Task description
Pictures stay out, but every line of the data is copied exactly.

Provided material
────

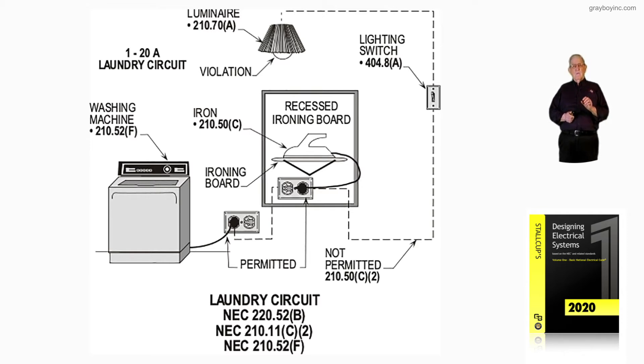We're not going to be covering receptacle locations right now, as we already covered it. Notice the laundry circuit requires one 20-amp circuit, and that one 20-amp circuit is worth 1,500 VA, just as the small appliance circuits are calculated at 1,500 VA. This laundry circuit is a 120-volt circuit, and you would figure it at 1,500 VA, which you'll find listed under the caption 'Laundry Circuit.'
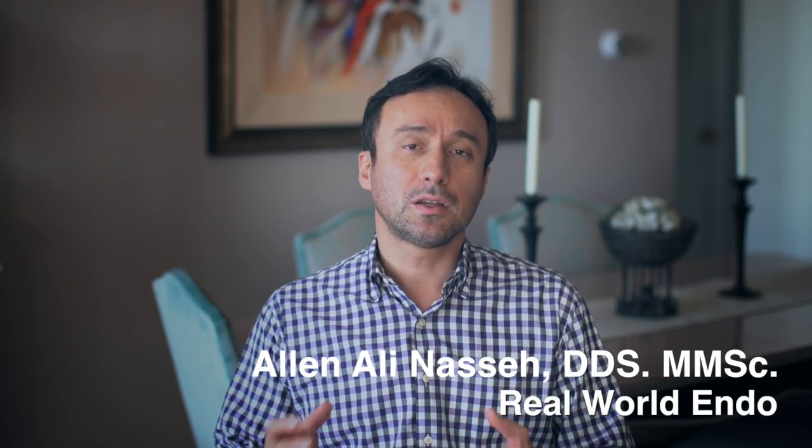Hello everyone, this is Alina. I came across an old product that I had not used before, but I got a chance to try it out. I was kind of interested and just wanted to share my experience with you.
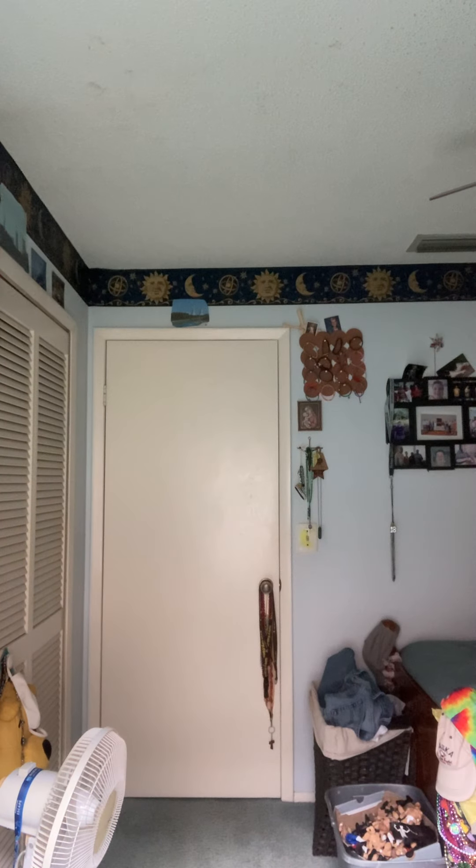Welcome back to the Bruce Lee unboxing video. By the way, how are you guys doing today? I'm doing pretty good, actually. I hope you guys enjoyed the video from yesterday, and I know I did.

────

Your solution
We're not going to be covering receptacle locations right now, as we already covered it. Notice the laundry circuit requires one 20-amp circuit, and that one 20-amp circuit is worth 1,500 VA, just as the small appliance circuits are calculated at 1,500 VA. This laundry circuit is a 120-volt circuit, and you would figure it at 1,500 VA, which you'll find listed under the caption 'Laundry Circuit.'
Hello everyone, this is Alina. I came across an old product that I had not used before, but I got a chance to try it out. I was kind of interested and just wanted to share my experience with you.
Welcome back to the Bruce Lee unboxing video. By the way, how are you guys doing today? I'm doing pretty good, actually. I hope you guys enjoyed the video from yesterday, and I know I did.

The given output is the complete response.